━━ COLLECTED DATA
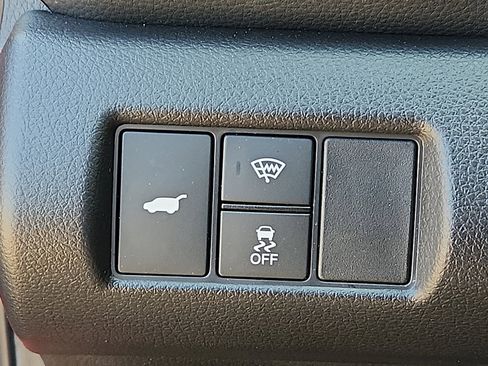 Used 2025 Honda Pilot TrailSport image 26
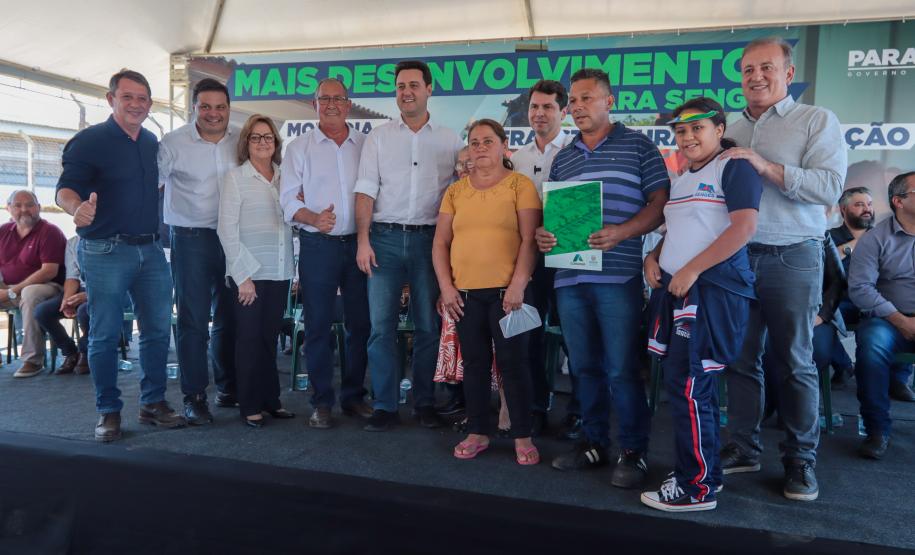 Ratinho Junior entrega escrituras a 579 famílias de Sengés, nos Campos Gerais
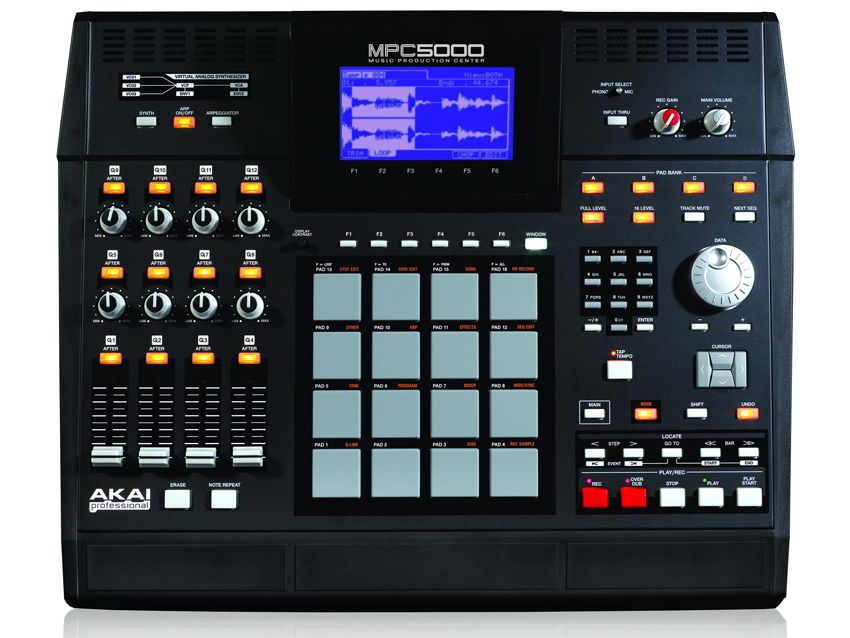 MPC5000: With 64 sample tracks and 12 Q-link controllers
━━━━
THE PROBLEM >>
Your output should be only the lines from the line with "Ratinho Junior entrega" through the end of the data, exactly as they stand, and no pictures.

ANSWER TO THE EXERCISE >>
 Ratinho Junior entrega escrituras a 579 famílias de Sengés, nos Campos Gerais
 MPC5000: With 64 sample tracks and 12 Q-link controllers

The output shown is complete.